Address
- 914 Main Avenue Richland, Atlantic County, New Jersey, 08350 United States
- Coordinates: 39°30′08″N 74°53′49″W﻿ / ﻿39.50213°N 74.896921°W

District information
- Grades: Pre-K to 12
- Superintendent: David Cappuccio Jr.
- Business administrator: Pasquale Yacovelli
- Schools: 5

Students and staff
- Enrollment: 1,691 (as of 2020–21)
- Faculty: 150.0 FTEs
- Student–teacher ratio: 11.3:1

Other information
- District Factor Group: A
- Website: www.buenaschools.org
| Ind. | Per pupil | District spending | Rank (*) | K-12 average | %± vs. average |
| 1A | Total Spending | $19,128 | 51 | $18,891 | 1.3% |
| 1 | Budgetary Cost | 13,750 | 36 | 14,783 | −7.0% |
| 2 | Classroom Instruction | 8,004 | 29 | 8,763 | −8.7% |
| 6 | Support Services | 2,372 | 51 | 2,392 | −0.8% |
| 8 | Administrative Cost | 1,491 | 31 | 1,485 | 0.4% |
| 10 | Operations & Maintenance | 1,515 | 27 | 1,783 | −15.0% |
| 13 | Extracurricular Activities | 358 | 26 | 268 | 33.6% |
| 16 | Median Teacher Salary | 64,296 | 40 | 64,043 |
Data from NJDoE 2014 Taxpayers' Guide to Education Spending. *Of K-12 districts with 1,800-3,500 students. Lowest spending=1; Highest=68

= Buena Regional School District =

School district in Atlantic County, New Jersey, US

The Buena Regional School District is a comprehensive regional public school district serving students in pre-kindergarten through twelfth grade from Buena Borough and Buena Vista Township, two municipalities in Atlantic County, in the U.S. state of New Jersey. Students are sent to the district's high school for grades 9 - 12 from both Estell Manor City and Weymouth Township as part of sending/receiving relationships with the respective school districts.

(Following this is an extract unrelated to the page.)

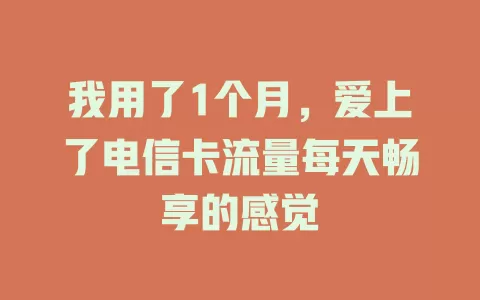 我用了1个月，爱上了电信卡流量每天畅享的感觉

As of the 2020–21 school year, the district, comprising five schools, had an enrollment of 1,691 students and 150.0 classroom teachers (on an FTE basis), for a student–teacher ratio of 11.3:1.

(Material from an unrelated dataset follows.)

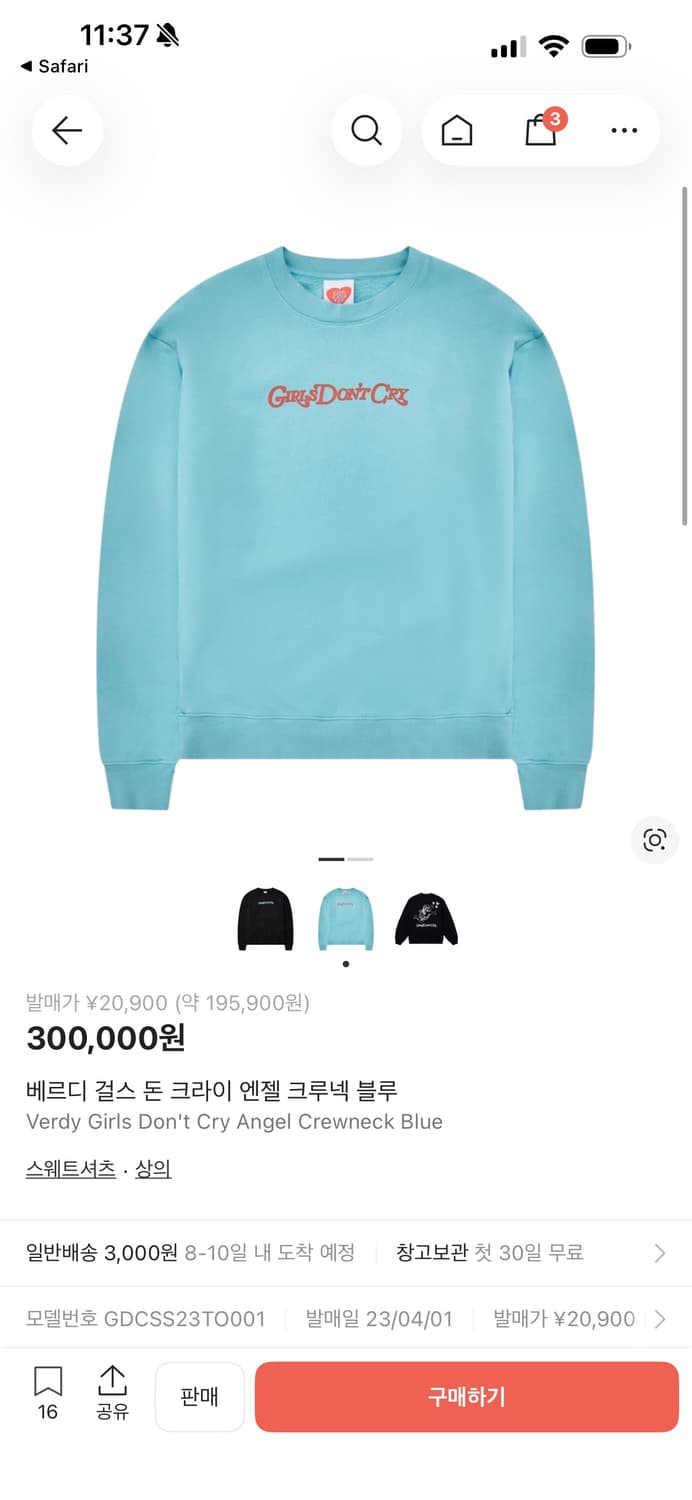 걸스 돈 크라이 엔젤 크루넥 블루 m 상품이미지7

The district is classified by the New Jersey Department of Education as being in District Factor Group "A", the lowest of eight groupings. District Factor Groups organize districts statewide to allow comparison by common socioeconomic characteristics of the local districts. From lowest socioeconomic status to highest, the categories are A, B, CD, DE, FG, GH, I and J.

== History ==
In June 2009, the New Jersey Department of Education ruled that Newfield, a non-operating district seeking to cut costs for its tuition students, could end its relationship with the Buena Regional School District and as of the 2011–12 school year could start sending incoming high school students in grades 7–9 to Delsea Regional High School, under a transition in which students at Buena's high school would remain in the district until they graduated.

== Schools ==
Schools in the district (with 2020–21 enrollment data from the National Center for Education Statistics) are:
- Elementary schools
- Collings Lakes Elementary School with 197 students in grades K-2
  - Richard A. Lawrence, principal
- John C. Milanesi Elementary School with 259 students in grades PreK-2
  - Moses White, principal
- Dr. J.P. Cleary Elementary School with 309 students in grades 3-5
  - Leonard Long, principal
- Middle school
- Buena Regional Middle School with 336 students in grades 6-8
  - Karen Cavalieri, principal
- High school
- Buena Regional High School with 535 students in grades 9-12
  - Christina Collazo-Franco, principal

==Administration==
Core members of the district's administration are:
- David Cappuccio Jr., superintendent
- Pasquale Yacovelli, business administrator and board secretary

==Board of education==
The district's board of education is comprised of nine members who set policy and oversee the fiscal and educational operation of the district through its administration. As a Type II school district, the board's trustees are elected directly by voters to serve three-year terms of office on a staggered basis, with three seats up for election each year held (since 2012) as part of the November general election. The board appoints a superintendent to oversee the district's day-to-day operations and a business administrator to supervise the business functions of the district. Seats on the board of education are allocated based on population, with six assigned to Buena Vista Township and three to Buena Borough.